Shimadzu unveils 10W blue laser diode, enabling micro-machining applications

Japan’s Shimadzu Corp has developed a blue direct diode laser (DDL), providing what is claimed to be industry-leading brightness levels. The 10W-type laser is being exhibited at InterOpto 2013 at Pacifico Yokohama, Japan (16-18 October).

The global market for lasers for material processing applications was $2.6bn in 2010 and is expected to surge to $5.7bn by 2020, according to Optech Consulting’s ‘Fiber Laser Report 2011’. With machining lasers, in addition to conventional carbon dioxide lasers, diode-pumped solid-state lasers and fiber lasers (which use semiconductor lasers as their pumping sources) are increasingly becoming commonplace, says Shimadzu. Now, direct diode lasers (which use such semiconductor lasers directly for laser machining) have become a focus of attention as the next generation of laser machining light sources, because they are compact, feature high-efficiency electro-optic conversion, and can be mass-produced at low cost.

In this context, the development of higher-output direct diode lasers using near-infrared light is in progress, says Shimadzu. The realization of high-output semiconductor lasers that work at short wavelengths in the visible region (where the rate of absorption by metals is high) and that provide high brightness levels (from which high beam intensities can be obtained) will accommodate diversification of machining materials and enable deployment for microfabrication, where demand is increasing with the miniaturization of smartphones and other electronic devices, notes Shimadzu. The transition from carbon dioxide lasers and solid-state lasers to DDLs is hence expected to accelerate, with the commercial market expanding to about $0.5bn by 2020, according to Optech Consulting’s ‘Fiber Laser Report 2011’.
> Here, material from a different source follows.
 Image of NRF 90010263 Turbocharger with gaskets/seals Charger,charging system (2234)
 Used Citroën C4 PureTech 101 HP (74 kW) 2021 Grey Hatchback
Shimadzu says that it has achieved a 16-fold increase in brightness over conventional levels for fiber-coupled blue semiconductor lasers, which feature high rates of absorption by metals. This has been achieved by utilizing newly developed optical multiplexing technology in addition to high-durability coating technology and techniques for precision assembly of optical equipment, cultivated to date based on gallium nitride (GaN) semiconductor lasers used in Blu-ray Discs and projectors. Shimadzu has hence developed what is reckoned to be the world’s first blue direct diode laser that features a microscopic spot size and can be applied to microfabrication.

The blue direct diode laser features a fiber-coupling design that enables flexible laser beam delivery with high efficiency, even for kiloWatt-class output. Power consumption is about half that of solid-state green lasers, expanding the possibilities for laser machining instruments and processing instruments equipped with direct diode lasers.

Shimadzu says that it has been focusing on establishing a light source industry for the next generation of advanced laser machining. In September 2012 it released the BEAM IMPACT series of external resonator-type short-pulsed semiconductor lasers, a seed light source for fiber lasers. Furthermore, this April, it released a high-output laser mirror and laser window, and is subsequently targeting commercialization.

First, a 10W model will be released in January. Subsequently, 50W- and 100W-type lasers and spatial output types will be developed in order to enhance the product line, concludes Shimadzu.